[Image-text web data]
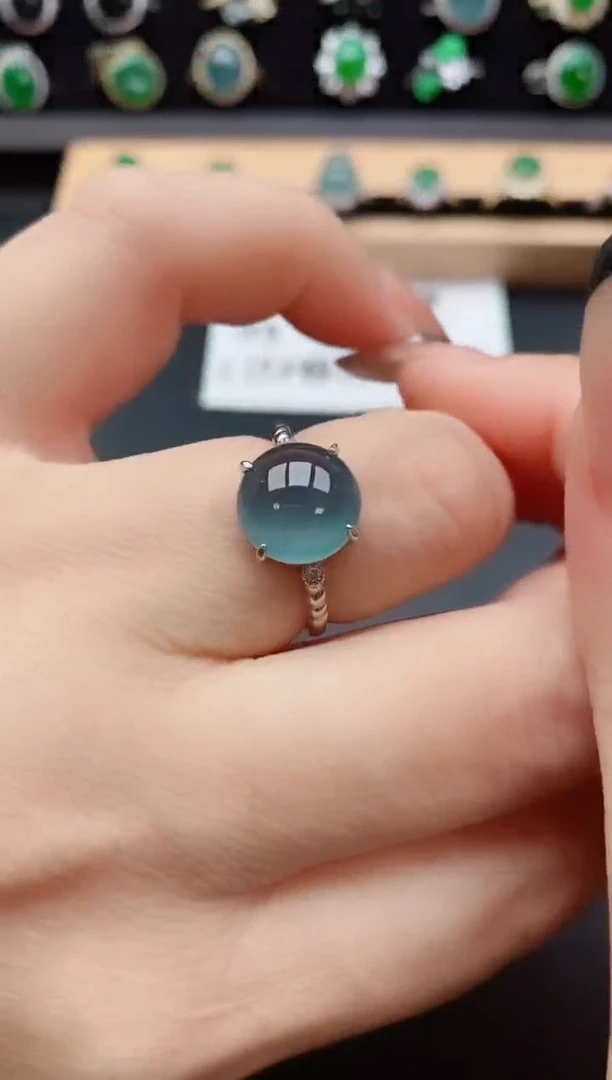 银S925镶嵌戒指翡翠1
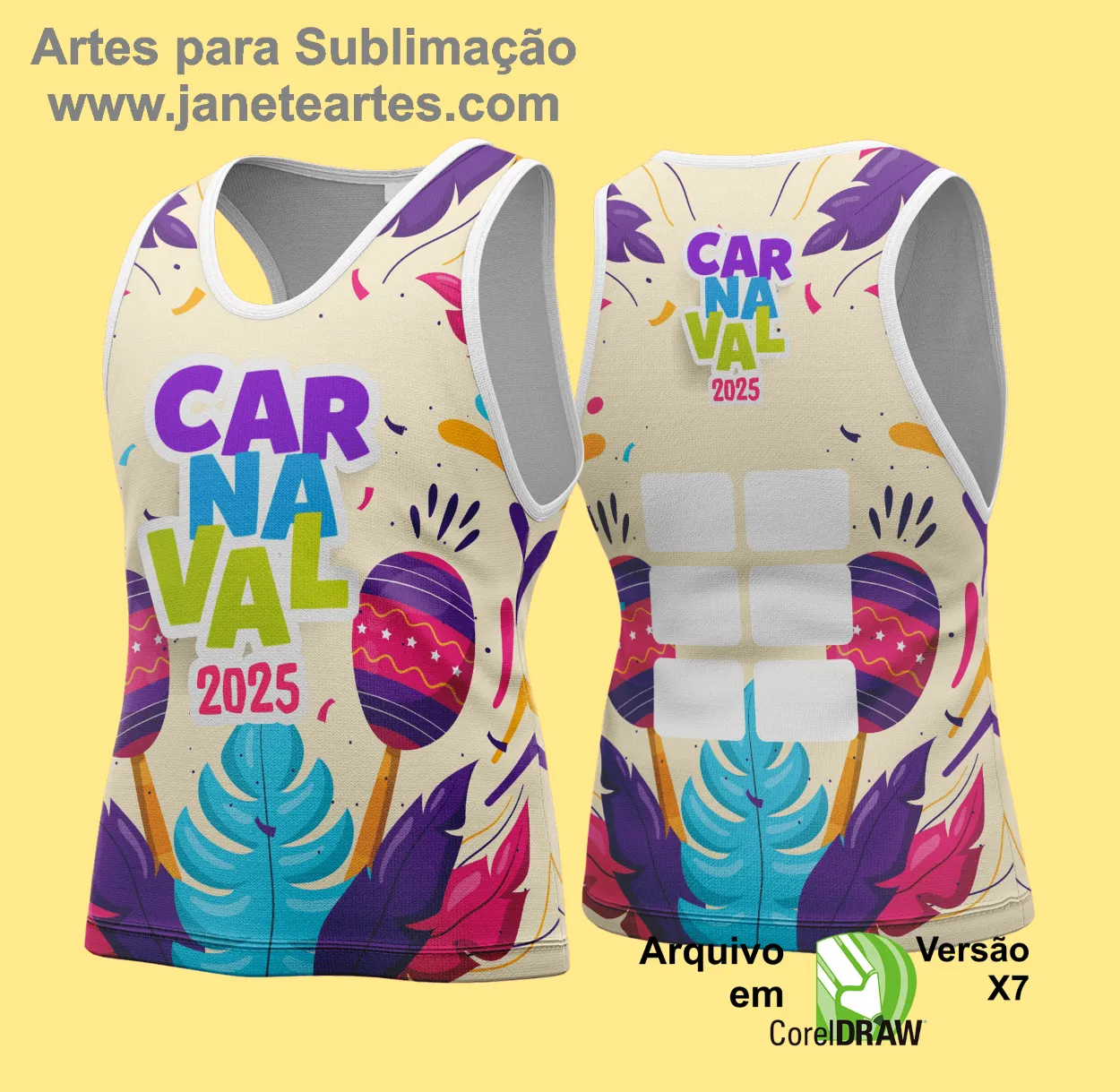 Arte Vetor Camisa Abadá de Carnaval 2025 - Modelo 161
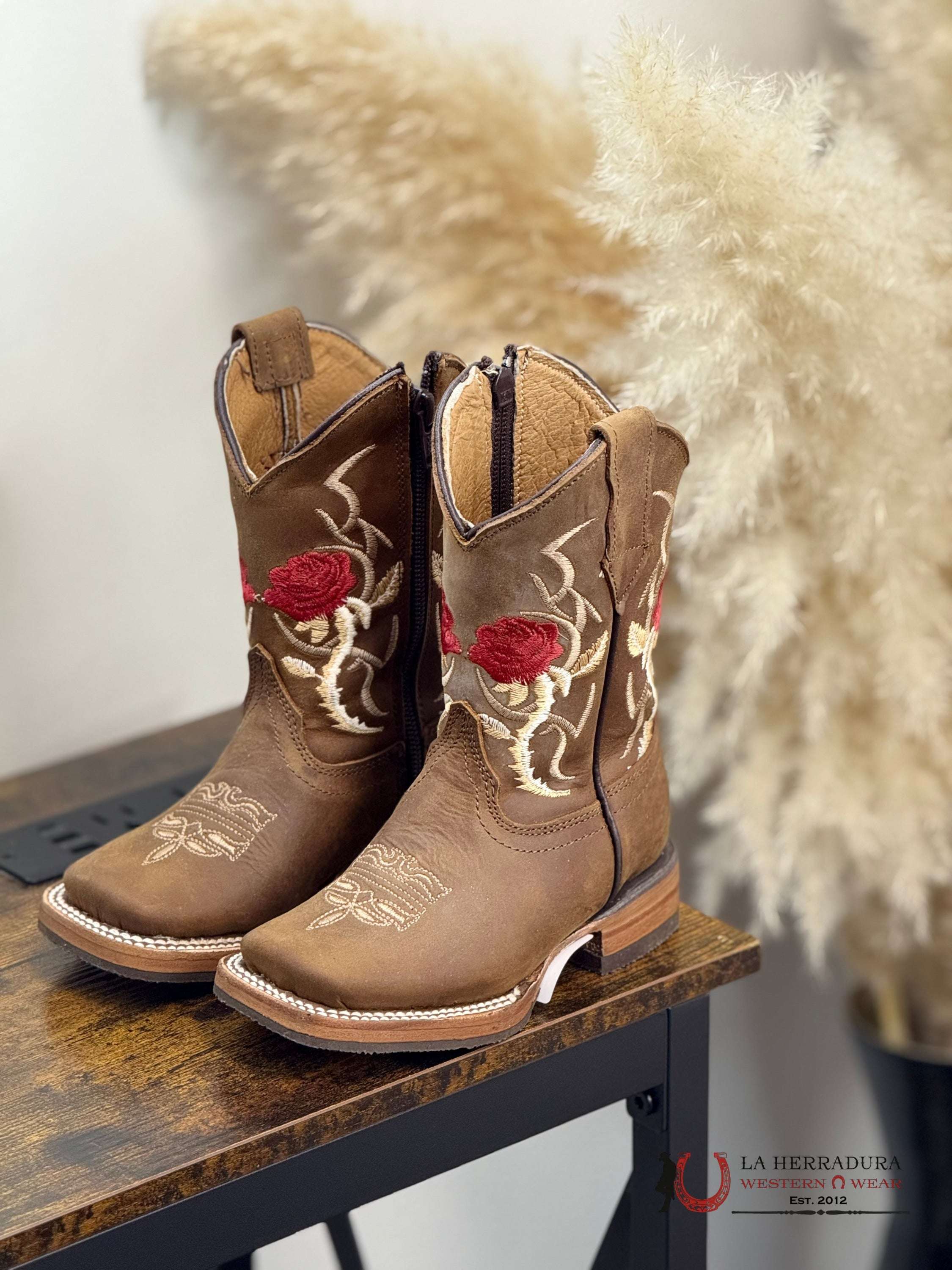 AGAVE KIDS BOOTS BROWN SWADE W ROSE INLAY NIÑOS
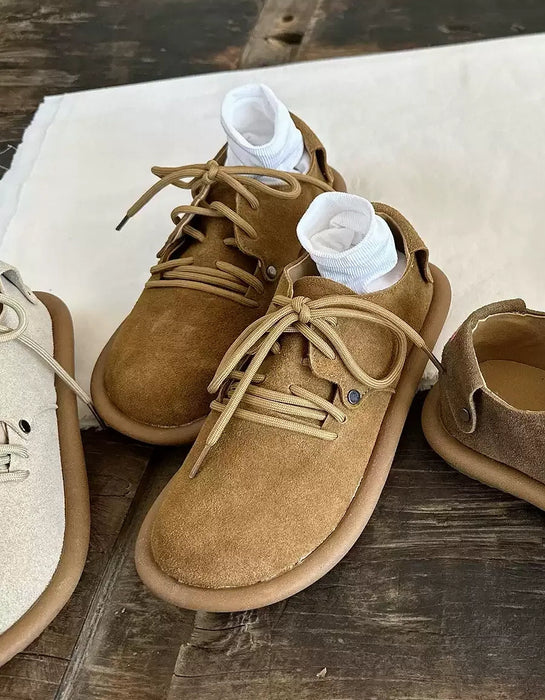 Women's Comfortable Lace-up Wide Toe Box Suede Clogs Shoes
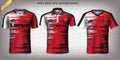 Sport Jersey, T-Shirt Design Mockup Template, Front View for Your Custom Made Uniforms. Royalty Free Stock Photo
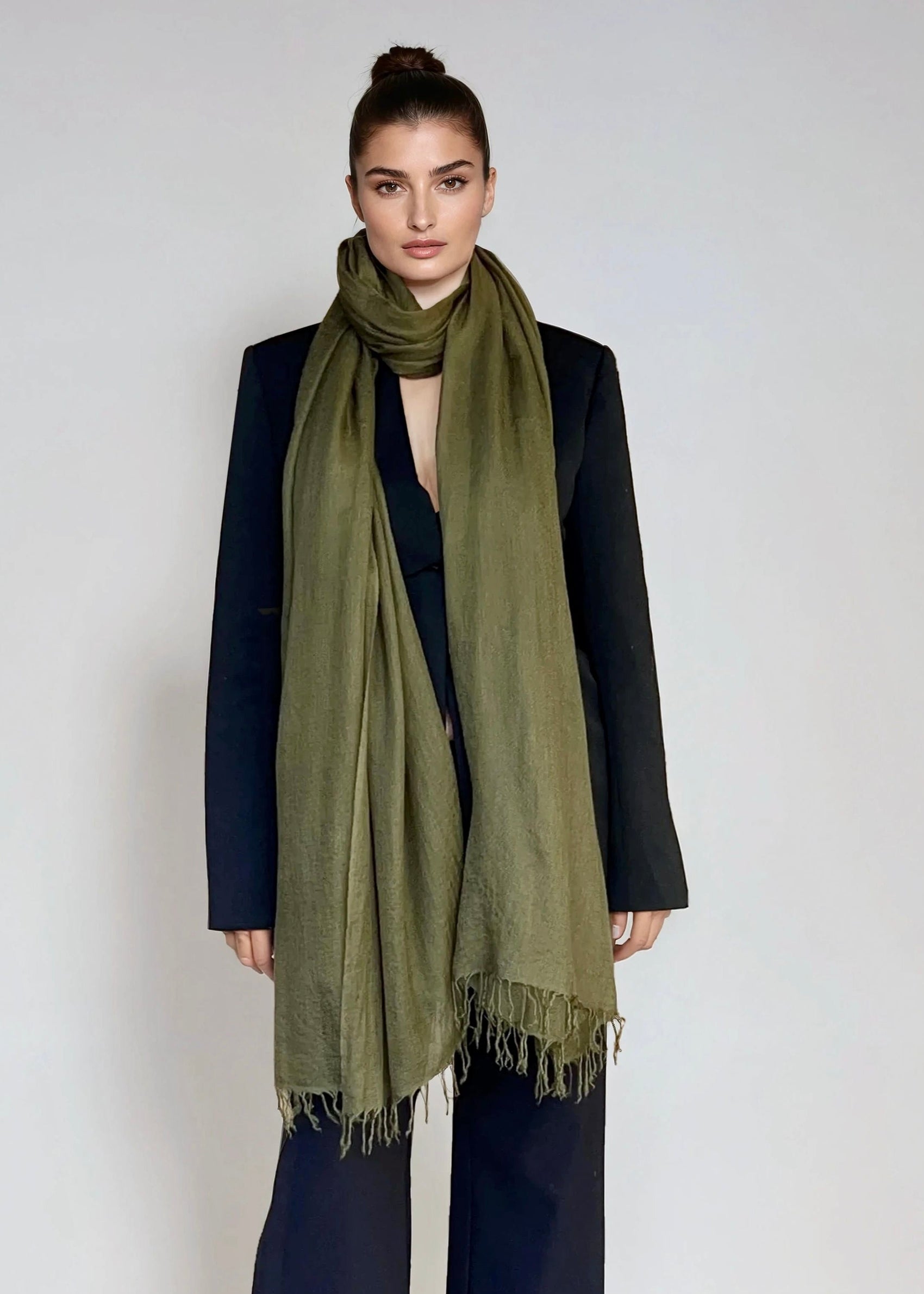 Olive Green Handloom Cashmere Wrap - Luxury Scarf | Cashmere Luxe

■ Problem to work on
Output, exactly and without pictures, the lines above that run from the one containing "Women's Comfortable Lace-up" through the last line of the entries, inclusive.

■ Written response
 Women's Comfortable Lace-up Wide Toe Box Suede Clogs Shoes
 Sport Jersey, T-Shirt Design Mockup Template, Front View for Your Custom Made Uniforms. Royalty Free Stock Photo
 Olive Green Handloom Cashmere Wrap - Luxury Scarf | Cashmere Luxe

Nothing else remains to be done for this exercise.